DATA RECORDS: Begin
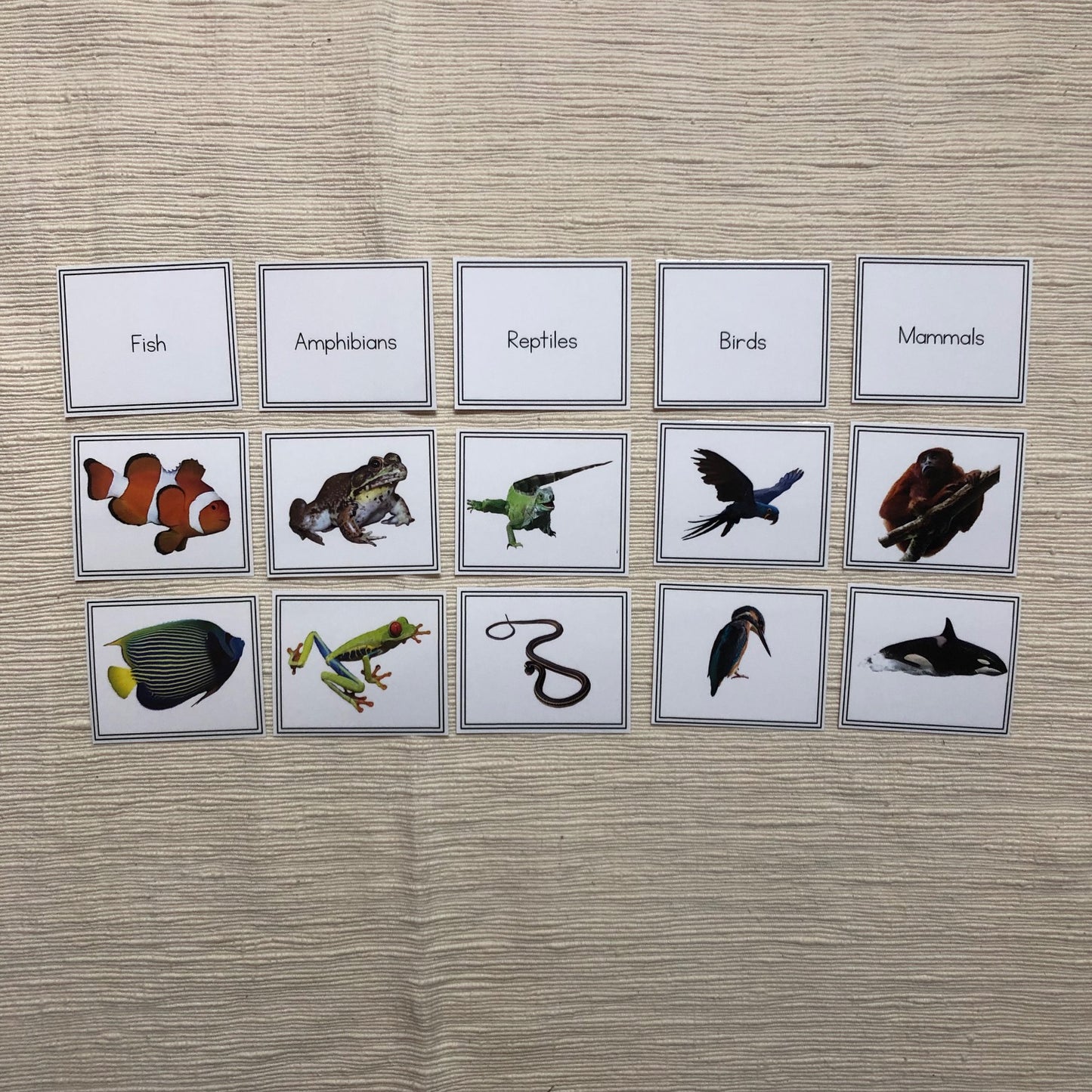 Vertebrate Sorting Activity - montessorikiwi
DATA RECORDS: End
DATA RECORDS: Begin
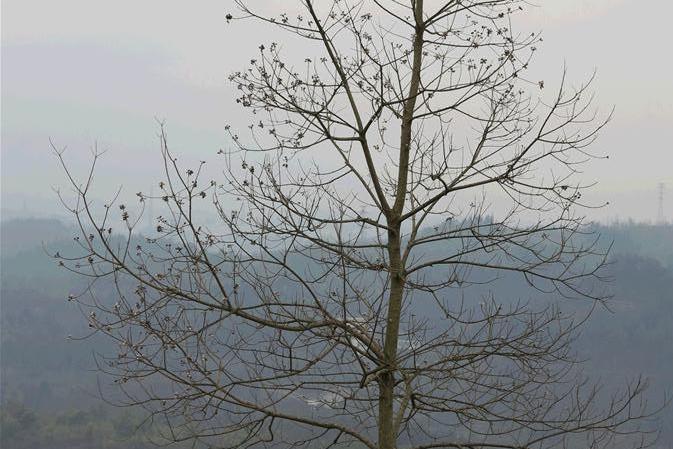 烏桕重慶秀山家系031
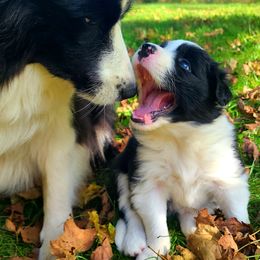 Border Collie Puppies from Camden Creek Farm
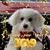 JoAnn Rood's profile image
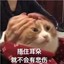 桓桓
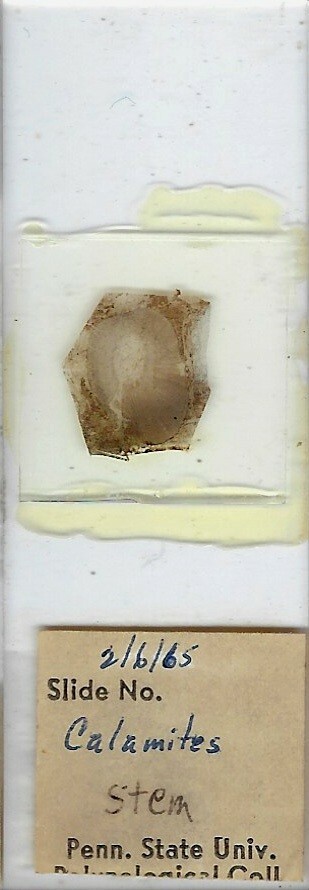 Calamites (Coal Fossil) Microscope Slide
DATA RECORDS: End
**PROBLEM**:
Find where the line with "JoAnn Rood's profile image" sits in the material above and where the line with "Calamites (Coal Fossil) Microscope Slide" sits. Set down exactly the lines from the first to the second, both included and nothing else, without pictures.

**EXERCISE OUTPUT**:
 JoAnn Rood's profile image
 桓桓
 Calamites (Coal Fossil) Microscope Slide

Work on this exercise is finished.